## WHAT YOU SHOULD DO
Pictures are not repeated. Every line from the beginning of the entries through the one with "CHARTER ARMS The Pink Lady .38 SPL - 3 of 3" is restated exactly.

Collected data entries
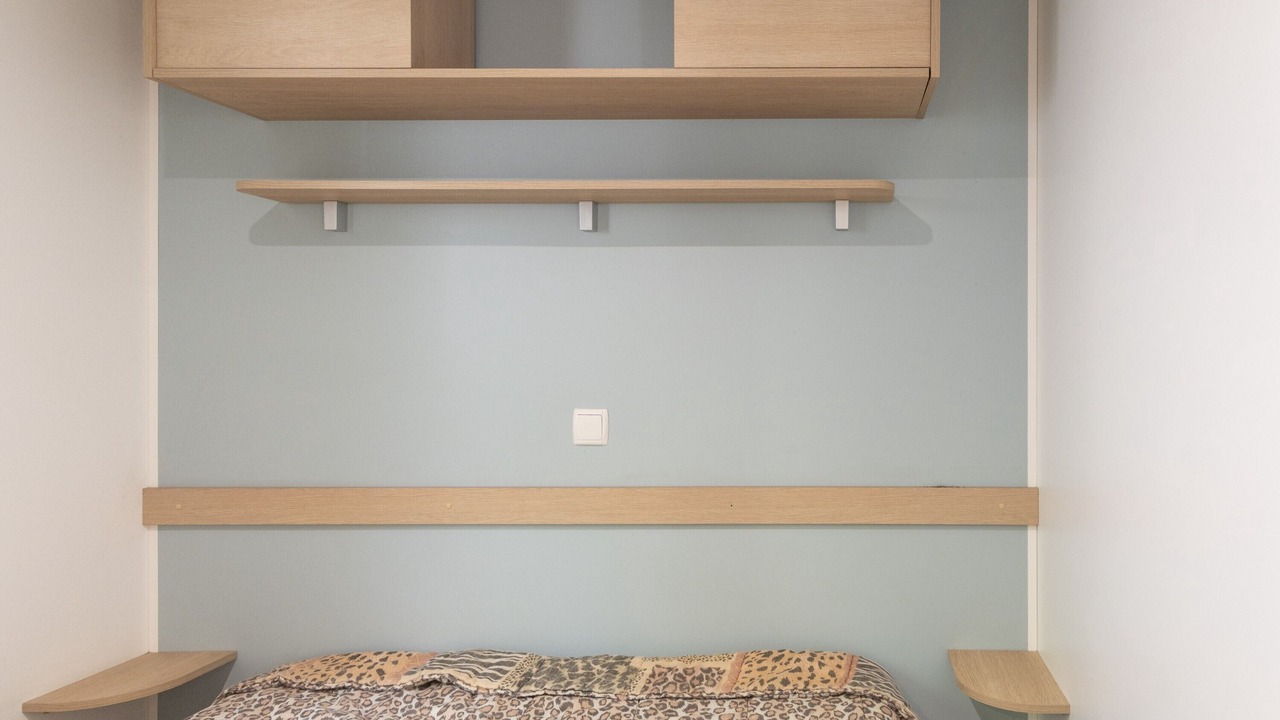 Photo of Bedroom in Vallon-Pont-d'Arc
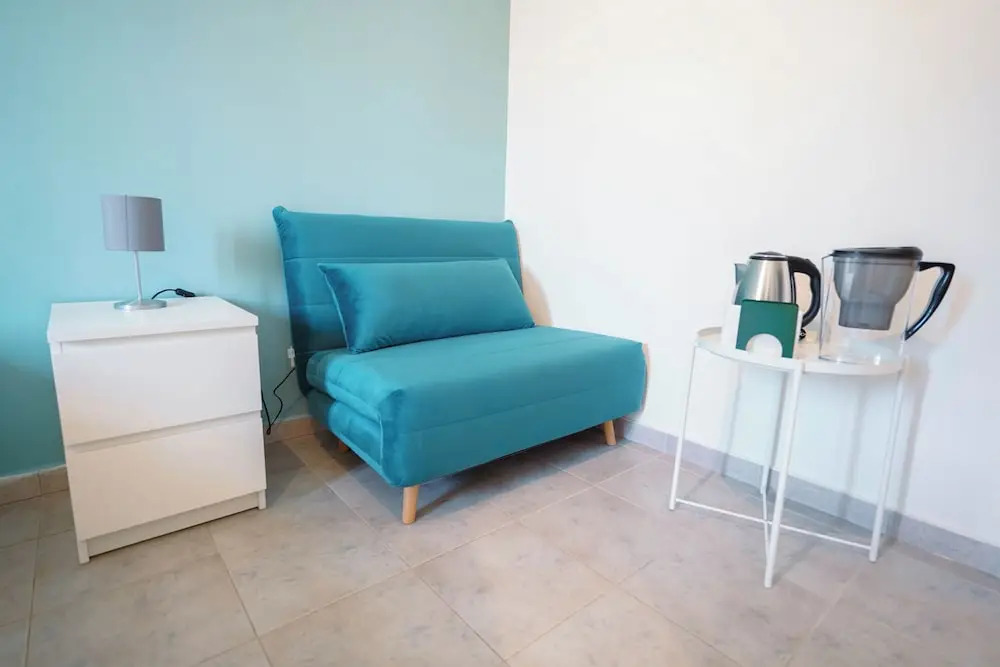 Foto - Salotto Tiburtino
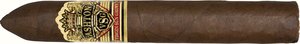 VSG Virgin Sun Grown Belicoso No. 1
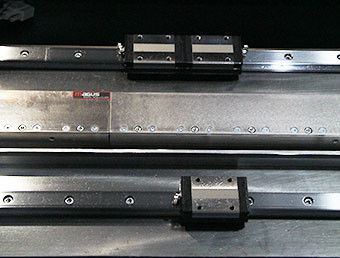 45PPH 128Channel UV CTP Máy tạo tấm offset tự động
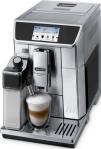 

Кофемашина автоматическая De’Longhi ECAM 650.75.MS PrimaDonna Elite, Нержавеющая сталь/черный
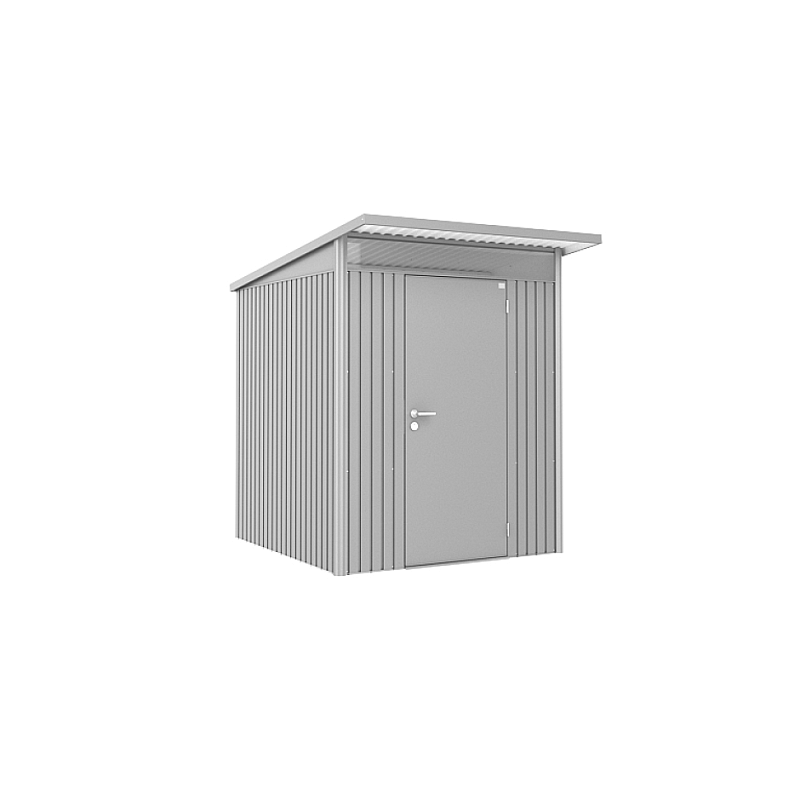 Biohort AvantGarde Metallschuppen
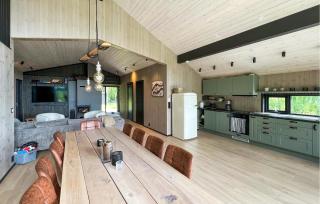 Gorgeous Home In Fåvang With Sauna - 6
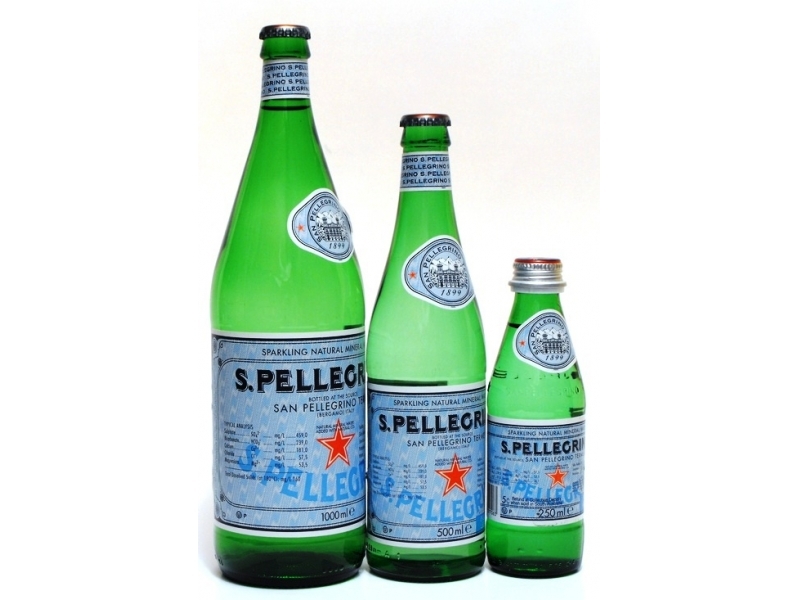 Apa San Pellegrino a intrat în portofoliul PPD România
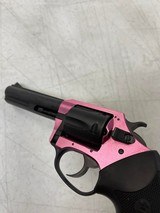 CHARTER ARMS The Pink Lady .38 SPL - 3 of 3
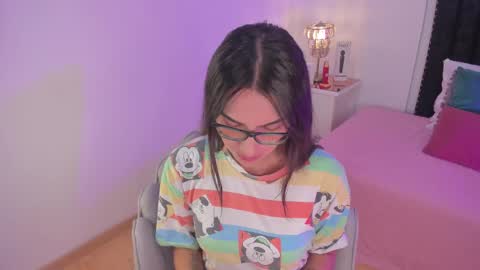 Cherry online show from October 2, 2025, 1:07 pm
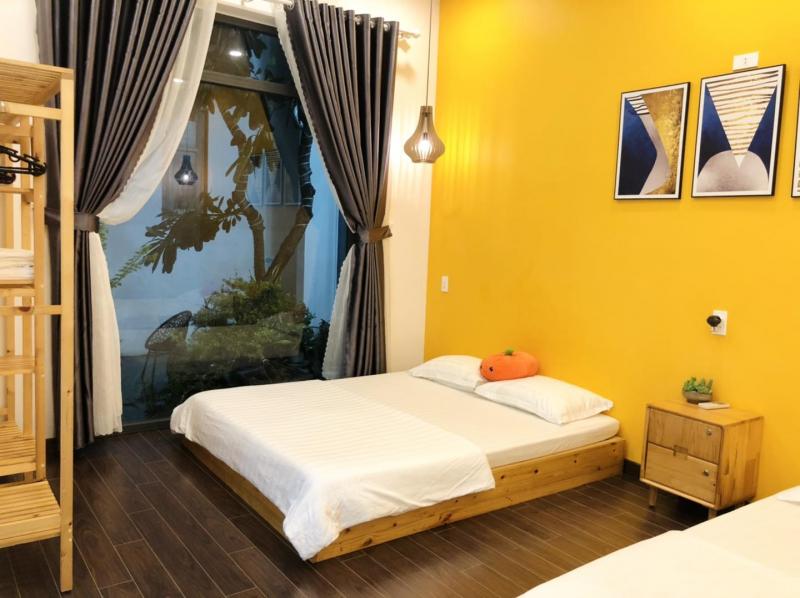 Ami Homestay Cam Ranh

## OUTPUT OF THE TASK
 Photo of Bedroom in Vallon-Pont-d'Arc
 Foto - Salotto Tiburtino
 VSG Virgin Sun Grown Belicoso No. 1
 45PPH 128Channel UV CTP Máy tạo tấm offset tự động

Кофемашина автоматическая De’Longhi ECAM 650.75.MS PrimaDonna Elite, Нержавеющая сталь/черный
 Biohort AvantGarde Metallschuppen
 Gorgeous Home In Fåvang With Sauna - 6
 Apa San Pellegrino a intrat în portofoliul PPD România
 CHARTER ARMS The Pink Lady .38 SPL - 3 of 3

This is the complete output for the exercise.